La sera in cui gli ho parlato dell’eremitaggio interiorizzato, che poco alla volta si faceva strada nel mio cuore, e del desiderio di esprimere il voto da eremita, lui mi ha ascoltata, come sempre si è stupito, e poi ha compreso la mia scelta, sapendo che, quando giungo a certe conclusioni, è perchè sono molto meditate e implicano una scelta profonda, coerente con la mia vocazione.
Il mio lavoro
Mi sono laureata in Scienze dell’Educazione e poi all’Accademia di Belle Arti, per una decina d’anni ho lavorato come pedagogista e formatrice, insegnando anche all’Università, per poi integrare la seconda laurea nel lavoro precedente, tenendo consulenze di life coach e corsi che stimolano la creatività attraverso il cucito, mosaico, tecnica orafa.
Da formatrice, nei miei corsi insisto sempre affinché le persone creino abiti, gioielli, mosaici che esprimano la creatività personale e il proprio stile, anziché copiare la moda o le tendenze del momento.
I vestiti, la seconda pelle
Ovviamente cucio io stessa i miei vestiti e li creo in modo che rispecchino la mia sensibilità e il mio stile di vita!
Hundertwasser, meraviglioso artista austriaco scomparso a inizio 2000, sosteneva che i vestiti sono la nostra seconda pelle e che, per sentirci bene in essi, ci devono corrispondere… concordo pienamente!
E’ difficile essere se stessi
Concludo questa pagina con una dichiarazione ed un augurio.
La dichiarazione è: “è difficile essere se stessi!”
La gente ragiona per semplificazioni e ti vuole sempre incasellare: sei eremita? Vivi isolata! Sei eremita sposata e madre? Non può essere!
Ti vesti con abiti morbidi e semplici? Sembri una suora! Non sei una suora? Cosa sei?
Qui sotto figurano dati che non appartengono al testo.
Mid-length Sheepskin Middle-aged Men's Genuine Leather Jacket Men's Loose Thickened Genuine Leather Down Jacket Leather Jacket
Insomma, è una gran fatica trovare la propria strada, districarsi nel ginepraio di definizioni che ti vogliono riconoscere a tutti i costi in ruoli già definiti, e riuscire ad esprimere in modo autentico la propria vocazione, perché la gente tende sempre ad incasellarti in ruoli stereotipati, e rifiutarsi di stare a questo gioco implica a volte conseguenze serie: non essere capiti, non venire riconosciuti, essere allontanati… in tanti rinunciano: essere se stessi fino in fondo può essere molto faticoso.
La mia formazione da pedagogista-artista mi ha sicuramente aiutata a giungere ad una conclusione importante che riassumerei con questa frase liberatoria “Seguo la mia strada! Non piaccio a qualcuno? Pazienza!”
Non si può piacere a tutti, non si può essere accettati da tutti, chi vuole essere se stesso senza identificarsi in modo acritico con ruoli e stili preconfezionati deve sapere che perderà per strada qualche amico o qualche opportunità, ma incontrerà sicuramente persone autentiche che saranno ottimi compagni di strada, nel perseguire una vocazione sincera, autentica, non data per scontata.
Ed ecco il mio augurio: che il Signore non ti lasci in pace, giorno e notte, fino a che tu la smetta di voler piacere per forza agli uomini e ti lasci andare alla Sua chiamata, alla splendida vocazione che Dio ha pensato per te, solo ed esclusivamente per te!